Problem to solve
Before returning the data, strip out the pictures and keep everything else exactly the same.

Data segment
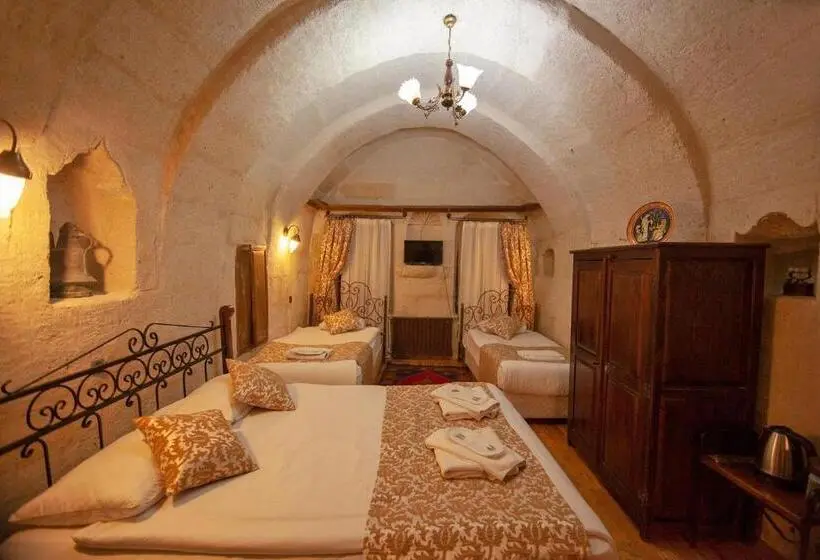Standard Neljän Hengen Huone, Cappadocia Cave Rooms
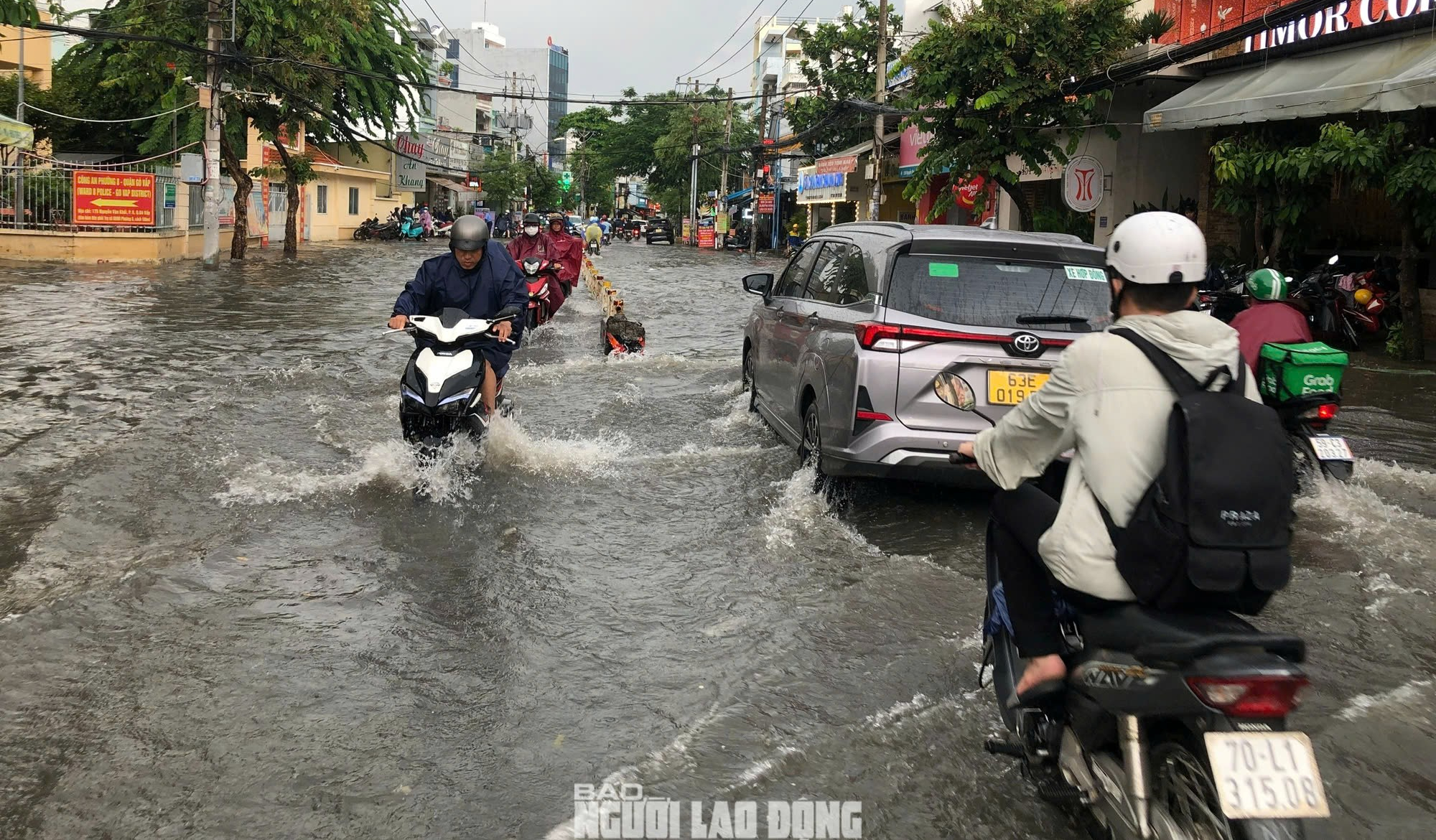 Khi nào TPHCM kiểm soát được 159 điểm ngập? - Ảnh 1.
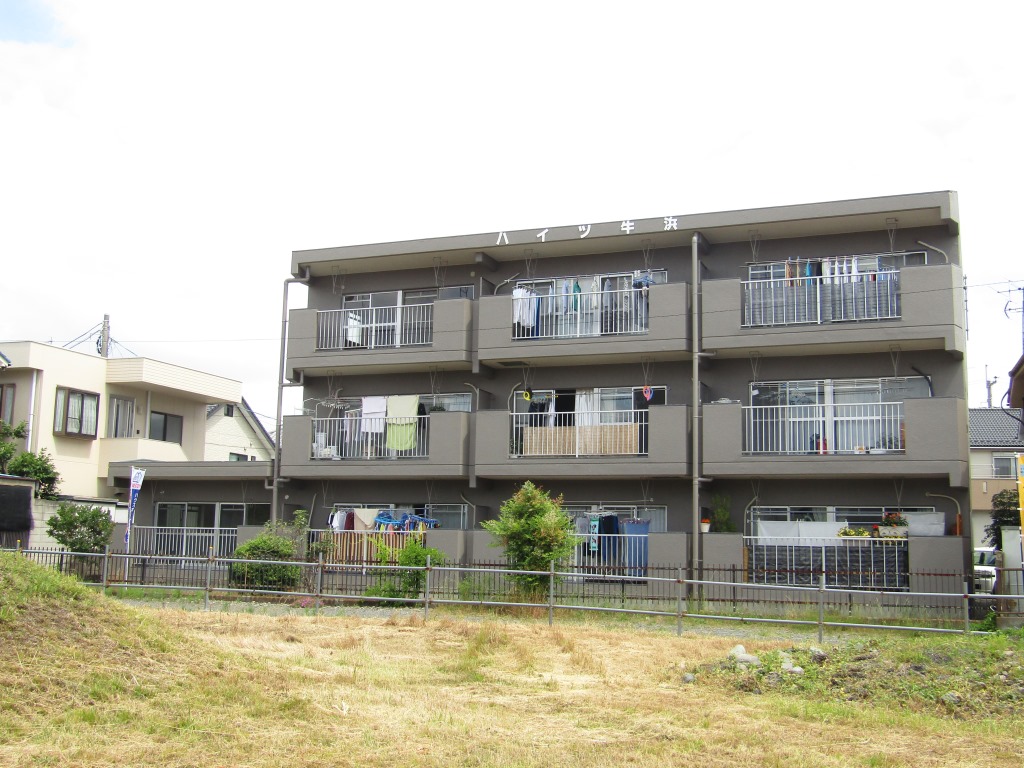 ハイツ牛浜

Answer to the problem
Standard Neljän Hengen Huone, Cappadocia Cave Rooms
 Khi nào TPHCM kiểm soát được 159 điểm ngập? - Ảnh 1.
 ハイツ牛浜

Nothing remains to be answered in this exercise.